Segment Open

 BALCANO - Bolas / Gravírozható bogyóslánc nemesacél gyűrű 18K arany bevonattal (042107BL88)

Segment Closed
Segment Open

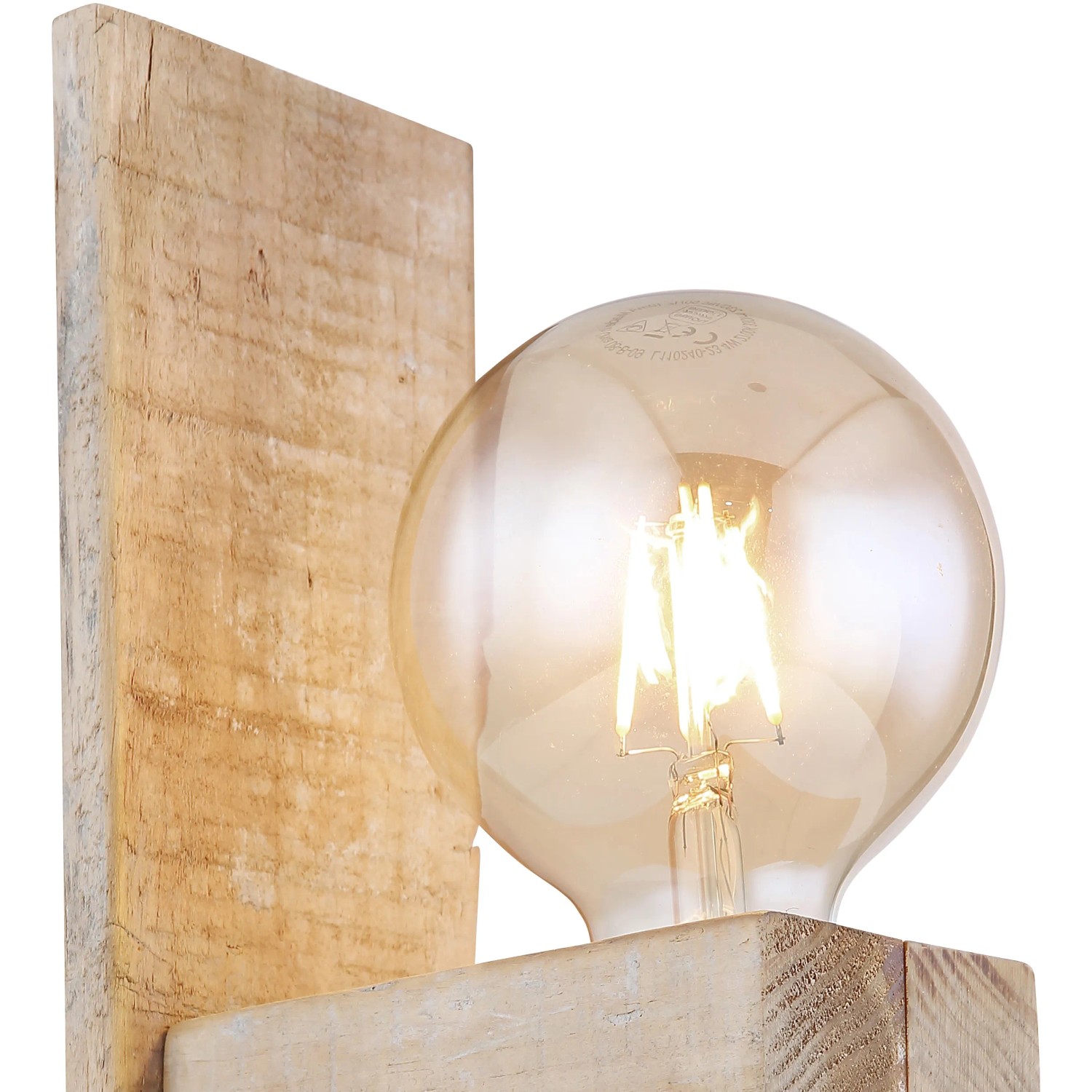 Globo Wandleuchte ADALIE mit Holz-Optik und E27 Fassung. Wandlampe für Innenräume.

Segment Closed
Segment Open

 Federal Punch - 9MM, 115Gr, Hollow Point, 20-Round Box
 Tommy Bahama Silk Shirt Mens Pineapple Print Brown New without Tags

Segment Closed

> _INSTRUCTIONS FOR THE TASK_: Repeat, word for word, the lines above between the line holding "Federal Punch - 9MM, 115Gr, Hollow" and the line holding "Tommy Bahama Silk", inclusive; omit everything else.

> _ANSWER SPACE_:
 Federal Punch - 9MM, 115Gr, Hollow Point, 20-Round Box
 Tommy Bahama Silk Shirt Mens Pineapple Print Brown New without Tags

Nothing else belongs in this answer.